EXERCISE DETAILS:
Repeat exactly the lines of the entries below from the one with "Invitation Moderne Golden" through the one with "Back view of", both ends included, and nothing else.

PROVIDED INFORMATION:
◆ ◆ ◆ ◆ ◆ ◆ ◆

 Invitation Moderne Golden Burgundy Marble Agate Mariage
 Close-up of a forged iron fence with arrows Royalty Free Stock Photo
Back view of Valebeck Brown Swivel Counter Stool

◆ ◆ ◆ ◆ ◆ ◆ ◆

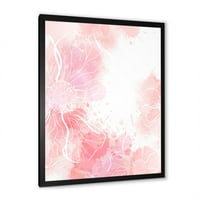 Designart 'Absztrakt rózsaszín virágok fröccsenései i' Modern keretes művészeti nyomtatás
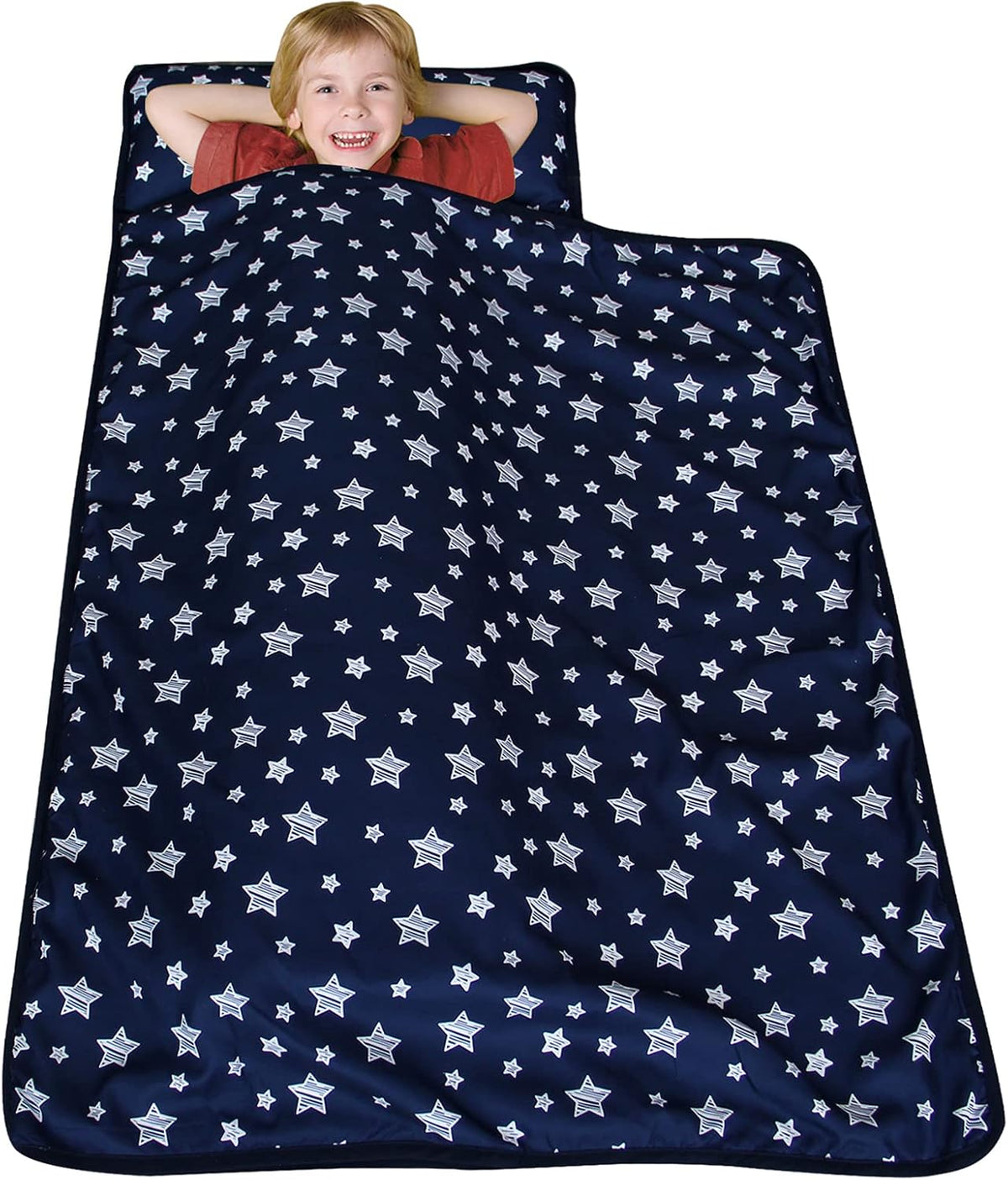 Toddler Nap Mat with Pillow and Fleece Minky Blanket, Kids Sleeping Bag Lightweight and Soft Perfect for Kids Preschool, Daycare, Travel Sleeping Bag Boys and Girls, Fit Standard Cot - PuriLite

◆ ◆ ◆ ◆ ◆ ◆ ◆

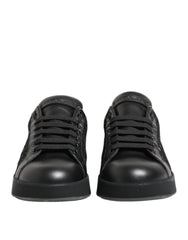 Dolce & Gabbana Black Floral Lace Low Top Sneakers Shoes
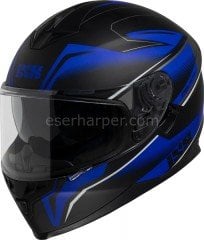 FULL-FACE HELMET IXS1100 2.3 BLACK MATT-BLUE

◆ ◆ ◆ ◆ ◆ ◆ ◆

TASK RESPONSE:
 Invitation Moderne Golden Burgundy Marble Agate Mariage
 Close-up of a forged iron fence with arrows Royalty Free Stock Photo
Back view of Valebeck Brown Swivel Counter Stool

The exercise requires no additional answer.